Subject: Re: [xsl] amp symbols
From: Chad Chelius <cchelius@xxxxxxxxxxxxxxx>
Date: Mon, 3 Jul 2006 10:08:03 -0400

The vendor that I am submitting these XML files to requires entities because there are math equations and similar items that can't be represented using ASCII. In the layout application, we use a special font to generate these items. So whenever they are used within the content of the file, we need to change them to the appropriate entity. That being said, is there a better way other than manually going through my XML file and changing those characters to their correct entity code?

chad

On Jul 3, 2006, at 9:21 AM, David Carlisle wrote:

I maintain a DTD that has perhaps more character entities than any other
"public" DTD (MathML has more than 2000 entities for characters) but
still, I question whether there is ever a need to have such a character
reference in generated files (such as the output of xslt). Entities for
characters are really there to ease hand authoring.

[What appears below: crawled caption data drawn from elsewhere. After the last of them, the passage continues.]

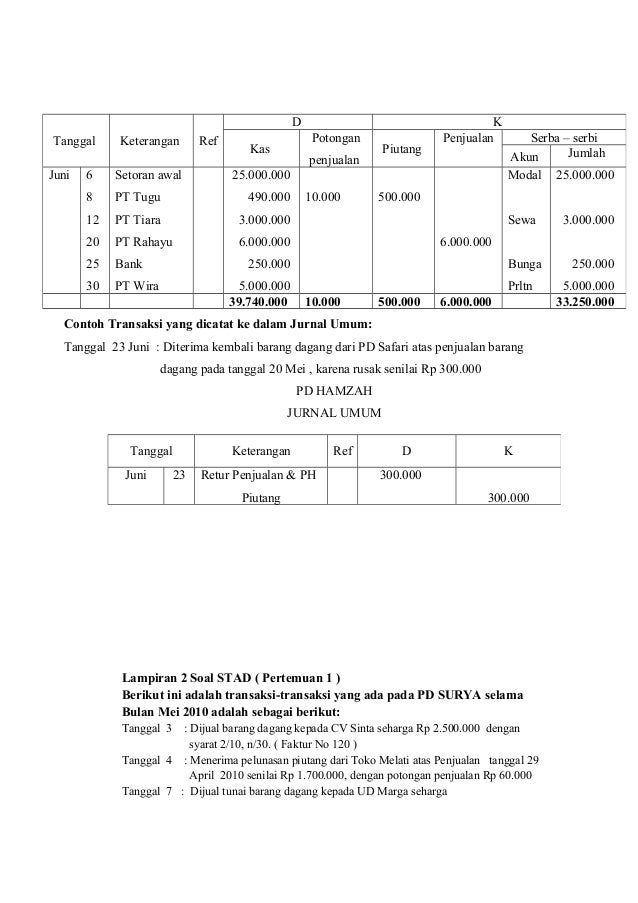 Rpp kd 3.6 akt 1.2 jurnal penjualan @ j. terima kas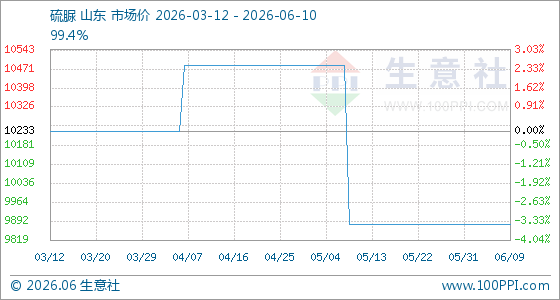 6月10日生意社硫脲基准价为9880.00元/吨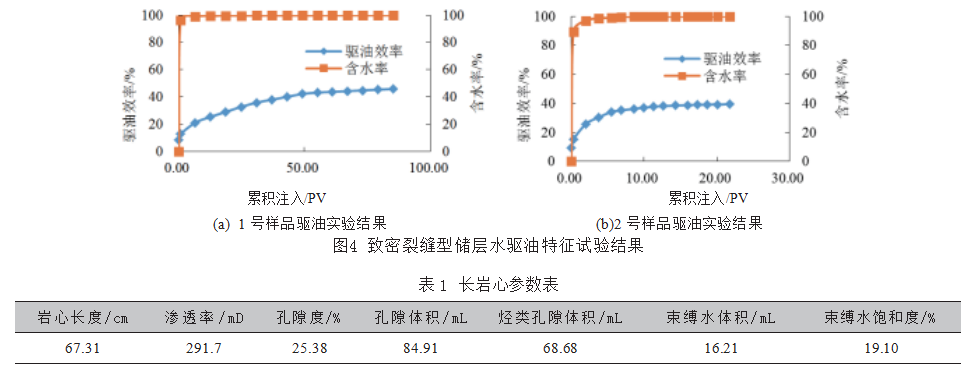 海上生物礁灰岩油藏水驱油特征分析论文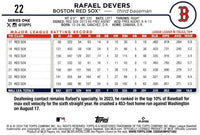 Boston Red Sox 2024 Topps Complete Mint Hand Collated 30 Card Team Set Featuring Rafael Devers, Jarren Duran and Masataka Yoshida with 8 Rookie Cards including Ceddanne Rafaela and Wilyer Abreu Plus
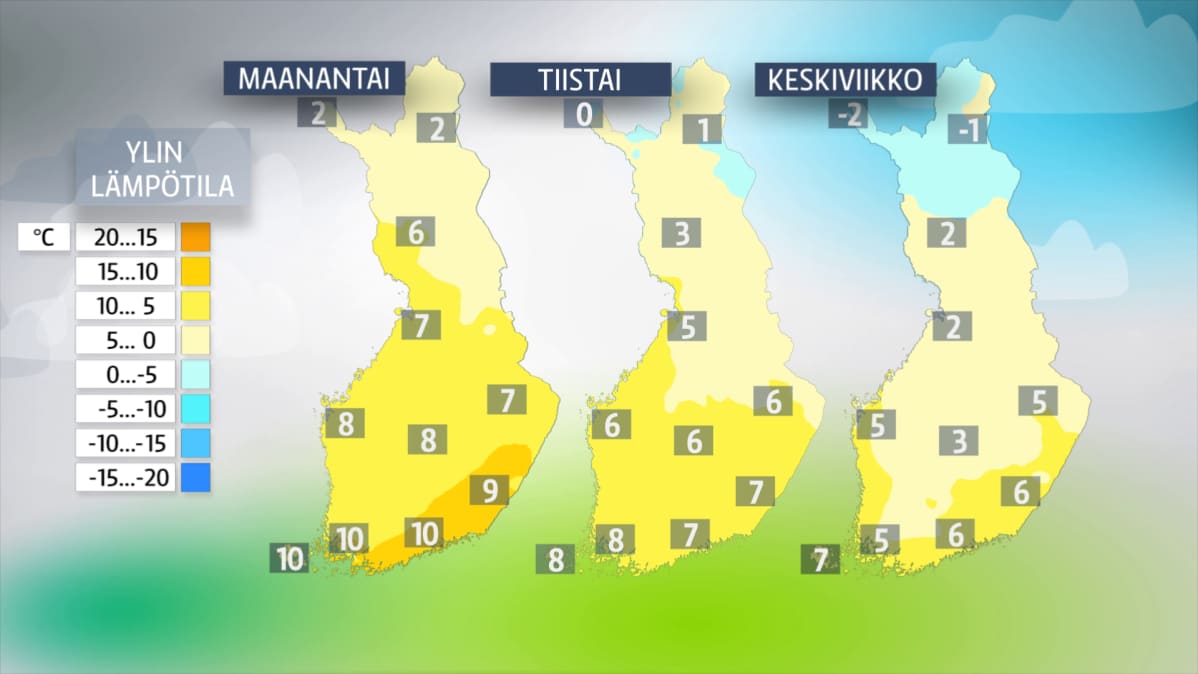 Kolmen päivän lämpötilaennuste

If people said they needed attributes to be marked up using ' instead
of " then you would be in a simialr position, the XSLT spec gives no
control over this, so you have the option of

a) educate your users that XML does not distinguish between these markup
forms, so they should not either.


or, if your users are unwilling to be educated, or in a position of
power, such they may choose not to listen, or if you just want to be
kind to them anyway,

b) post process the XSLT output with a NON-XML tool such as perl or sed
to edit the markup appropriately.



XSLT1 does give disable-output-escaping that can be used sometimes as an
alternative to (b) but it's not usually a good idea, and expplictly an
optional feature in XSLt1 and explictly deprecated in XSLT2. If you
really must do something like this, and can use XSLT2, character maps
provide a much better mechanism architecturally.